**Exercise directions:** The full set of entries, reproduced exactly, is the expected answer.

Content starts

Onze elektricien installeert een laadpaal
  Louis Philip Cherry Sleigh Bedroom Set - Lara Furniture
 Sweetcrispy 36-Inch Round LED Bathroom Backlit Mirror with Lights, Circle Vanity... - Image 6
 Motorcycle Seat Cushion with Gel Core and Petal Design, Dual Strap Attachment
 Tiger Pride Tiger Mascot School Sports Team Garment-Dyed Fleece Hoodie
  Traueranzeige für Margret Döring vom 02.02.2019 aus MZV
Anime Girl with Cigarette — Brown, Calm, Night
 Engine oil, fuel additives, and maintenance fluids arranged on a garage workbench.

Content ends

**Finished task:**
Onze elektricien installeert een laadpaal
  Louis Philip Cherry Sleigh Bedroom Set - Lara Furniture
 Sweetcrispy 36-Inch Round LED Bathroom Backlit Mirror with Lights, Circle Vanity... - Image 6
 Motorcycle Seat Cushion with Gel Core and Petal Design, Dual Strap Attachment
 Tiger Pride Tiger Mascot School Sports Team Garment-Dyed Fleece Hoodie
  Traueranzeige für Margret Döring vom 02.02.2019 aus MZV
Anime Girl with Cigarette — Brown, Calm, Night
 Engine oil, fuel additives, and maintenance fluids arranged on a garage workbench.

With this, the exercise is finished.